Review by Booklist Review
Although Go's English-language debut--thoughtfully translated by Park--is officially recommended for readers ages 10 to 14 years old, this sweet, poignant tale deserves to be appreciated by all audiences, particularly adults with aging parents. Queue the (cathartic) ugly tears, though, and prepare with plenty of tissues. The everlasting love story belongs to Mr. Go Jadong and Ms. Kim Soonim, war orphans who married and had three children, the eldest of whom is Go's father. Go spent every school break with her grandparents, laughingly upholding house rules for toilet paper ("two squares for pee, three for poop"), appreciating silliness ("my grandfather sang me my cartoon theme songs . . . not even close to the original ones on TV"), basking in a "house filled with summer lingering" (power fans, ripe watermelon, afternoon naps). "I loved watching my grandparents being so sweet to each other because my own parents were so busy fighting back home." Grandpa was Grandma's only friend, but Grandpa cared for all--especially those disrespected or dismissed by judgmental strangers.

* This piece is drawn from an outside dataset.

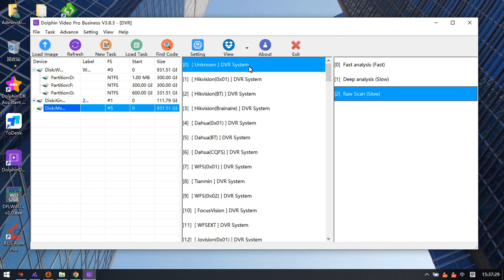If users have an unknown DVR system, they can try to use the raw scan to find the lost videos. Then users can try to image the DVR drive and give part of the image file to DORPHIN support engineers.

But the joy fades when Grandpa dies; Grandma loses her voice and over two long, lonely decades, gradually shrinks away. Their posthumous reunion near book's end proves heartbreakingly glorious. Go gently illustrates her stupendously affecting narrative in mostly black-and-white, with and without panels, with soft overlays of mostly pastels, making the few pages with bright colors utterly spectacular.
From Booklist, Copyright (c) American Library Association. Used with permission.

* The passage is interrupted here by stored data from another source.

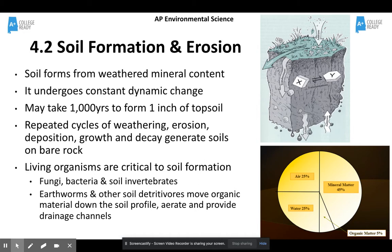Repeated cycles of weathering, erosion, deposition, growth, and decay generate soils on bare rocks. So even when it's just rock, soil will eventually form through those repeating cycles.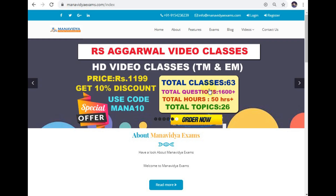Hi friends, welcome to Manavidya. We are going to explain the R.S. Agarwal Quantitative Aptitude book.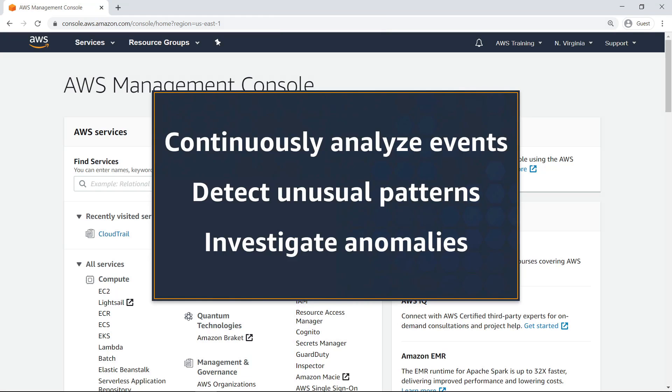In this video, you'll see how to detect unusual activity in AWS accounts using CloudTrail Insights. With this feature, you can continuously analyze management events from your CloudTrail trails, uncover unusual patterns in these events, and investigate anomalies to determine their causes.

Review by Publisher's Weekly Review
A child's unconditional love for their tender, quirky grandparents pivots into a bittersweet coming-of-age narrative in Go's delicate and raw autobiographical tale. The bespectacled narrator spends school vacations at their grandparents' home where simple pleasures--sitting in front of a fan, eating watermelon--prevail. Observing Grandfather's gentleness toward his small, shy wife, the child recalls, "I think I loved watching my grandparents being so sweet to each other because my own parents were so busy fighting back home." Grandfather's premature death of lung cancer prompts Grandma to withdraw emotionally; the now-older narrator tries to take his place, eventually witnessing the physical manifestations of her declining health. Crisp-edged cartoon-style illustrations rendered with loose pencil sketches give the work a handmade feel that parallels the tone of events: full pages of a sunny, colored-pencil childhood darken to smudged graphite comic-strip panels as Grandma's health worsens. Go's focus on scatological details, such as the couples' toilet paper rule of "two squares for pee, three for poop," presages Grandma's later incontinence, which is handled with compassion by her grandchild. It's a meditative graphic novel that twines the joys of living and the pain of loss into one indistinguishable braid. All characters cue as East Asian. Ages 10--14. (Mar.)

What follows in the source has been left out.